It's not surprising that Julian Fantino isn't an easy man to read. He is a chief of police, and while less gruff than some of his counterparts, he still has a stringent recruiting process for the facial expressions and vocal intonations that get public-relations duty. But we know a few things. He thinks politicians don't understand the force, he believes ever-increasing policing can create a better city, and he will not brook suggestions that his fatherly faith in the force is misplaced. One can generally count on an earful when these subjects are raised.
So what to make of a less blustery chief? Recent dust-ups with City Hall are well documented, but somehow the dust of late isn't quite as high as it used to be. Could it be that hard-edged Fantino is choreographing a bid to get a contract renewal from his new civilian-oversight-preoccupied bosses?
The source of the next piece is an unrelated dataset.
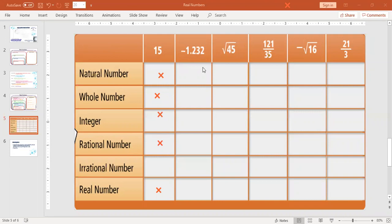Negative 1 and 232 thousandths. It's a negative and a decimal. That means it's not natural, not whole, and even though it's a negative, it's not an integer because integers don't have decimals. So it's just rational and real. We know it's rational because it's a decimal that stops — it's a decimal that terminates.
The first hint of his new demeanour came during his recent town-hall tour, when the chief stunned observers by musing that policing alone is not a solution to crime - socio-economic realities have to be considered, too. Then there was his tempered response to the idea of cameras in cruisers, which he had previously railed against, saying it suggested the force is racist. He recently stated simply that he is willing to wait for an OPP report.
During budget negotiations, the chief disagreed with cutting police spending, but most of the belligerence came from angry reps from the Police Association. For his part, the chief ventured to suggest reductions in overtime - although less than a year earlier he'd pushed for more overtime.
A similar pattern emerged at last month's board meeting when officer drug tests were recommended. The police union lawyer spoke about "unreasonable search and seizure," while the chief back-pedalled on his earlier statements and offered a cautious endorsement, saying he'd "be the first to volunteer.'
Has the chief discovered that cooperation is the better part of valour?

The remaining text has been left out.